MASc seminar - Tandra Chakraborty

Monday, August 29, 2016 2:00 pm - 2:00 pm EDT (GMT -04:00)

Candidate

Tandra Chakraborty

Title

Automated extraction of behaviour model of applications

Supervisor

Paul Ward

Abstract

Highly replicated cloud applications are deployed only when they are deemed to be functional. That is, they generally perform their task and their failure rate is relatively low. However, even though failure is rare, it does occur and is very difficult to diagnose. We devise a tool for failure diagnosis which learns the normal behavior of an application in terms of the statistical properties of variables used throughout its execution, and then monitors it for deviation from these statistical properties. Our study reveals that many variables have unique statistical characteristics that amount to an invariant of the program. Therefore, any significant deviation from these characteristics reflects an abnormal behavior of the application which may be caused by a program error.

It is not possible to get the invariant from the application's static code analysis alone. For example, the name of a person usually does not include a semicolon; however, an intruder may try to do a SQL injection (which will include a semicolon) through the `name' field while entering his information and be successful if there is no checking for this case. This scenario can only be captured at runtime and may not be tested by the application developer. The character range of the `name' variable is one of its statistical properties; by learning this range from the execution of the application it is possible to detect the above described abnormal input. Hence, monitoring the statistics of values taken by the different variables of an application is an effective way to detect anomalies that can help to diagnose the failure of the application.

We build a tool that collects frequent snapshots of the application's heap and build a statistical model solely from the extensional knowledge of the application. The model characterizes the application's normal behavior. According to our literature studies, we are the first to design a monitoring tool that collects frequent snapshots in term of Java heap dump and use it to determine the application's behavior model without relying on any prior expected-behavior's specification or code instrumentation.

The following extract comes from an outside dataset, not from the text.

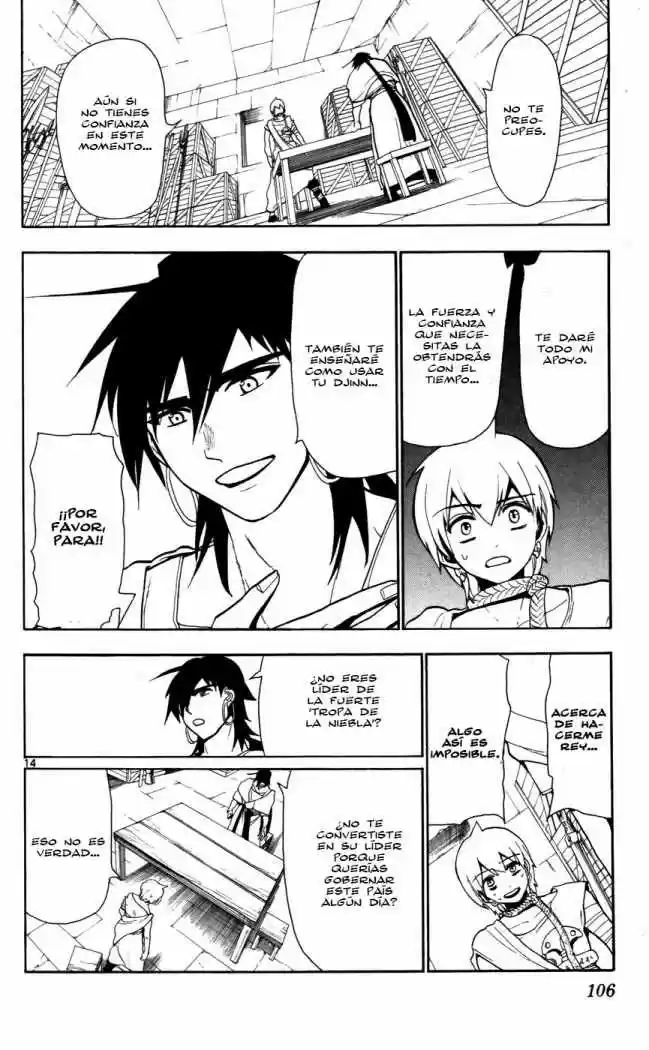 Magi capítulo 54, página 14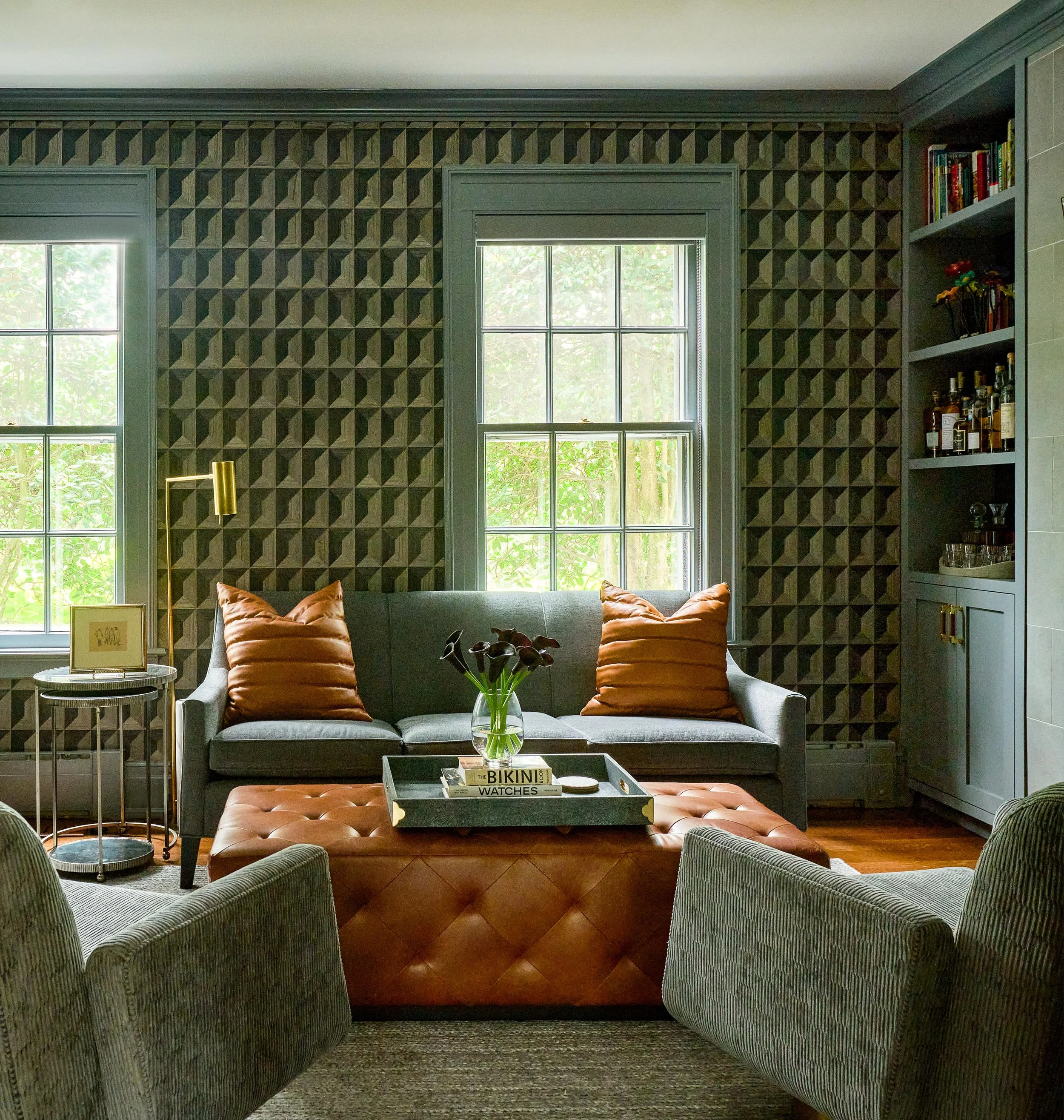 Refined interior design focused on comfort and lifestyle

Our approach allows a behavior model to be automatically and efficiently built using the monitoring data alone. We evaluate the correctness of our approach by applying it on an e-commerce application and online bidding system, and then derive different statistical properties of variables from their runtime-exhibited values. Our experimental result demonstrates 96% accuracy in the generated statistical model. The high accuracy level indicates that our tool can successfully determine the application's normal behavior without any prior knowledge of its expected behavior. Moreover, our tool also correctly detected two anomalous condition while monitoring the application with a small amount of injected fault. In addition to anomaly detection, our tool logs all the variables of the application that violates the learned model. The log _le can help to diagnose any failure caused by the variables and gives our tool a source-code granularity in fault localization.